Reconciliation officials in Logar province say that making allies out of figures like Sahib Jan is the centerpiece of their work. Logar and its neighboring provinces, Paktia, Wardak and Ghazni, contain a strong presence of not only the Taliban but also the Haqqani network, the insurgent group portrayed by US officials as having the closest ties to Al Qaeda and a cozy relationship with Pakistan's ISI spy organization. Logar is also home to several tribes that say they have spent the past two years trying to make peace. A crucial part of this, they say, is building enough trust with the Taliban to make a serious case for ending their insurgency. Soon after his initial trip to the reconciliation office, Sahib Jan left his calling as an imam and took a position as a religious adviser to the reconciliation commission.
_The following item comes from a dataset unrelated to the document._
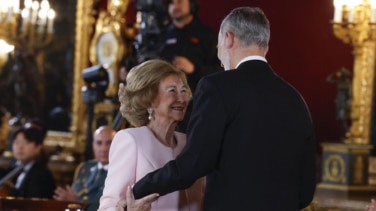 El Rey entrega a su madre, Doña Sofía, el Toisón de Oro "por una vida entera de servicio y lealtad a España"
As part of his work, reconciliation officials say, he traveled to hardcore Taliban areas.
"He was preaching to the Taliban, encouraging them to come to the government, telling the fighters there were a lot of benefits to laying down their arms," says Mohammed Anwar, director of Logar's reconciliation commission and an adviser to a local tribal council. Council officials credit Sahib Jan with putting Taliban fighters on the road to reconciliation.
But on the morning of January 14, Sahib Jan's bullet-riddled body lay on the ground outside his family's mud-brick compound in Logar's Safed Sang village. According to local officials and his family, he was killed in a night raid by US Special Operations Forces. "At 1 or 1:30 in the morning, US soldiers pulled up to the gas station in front of our house.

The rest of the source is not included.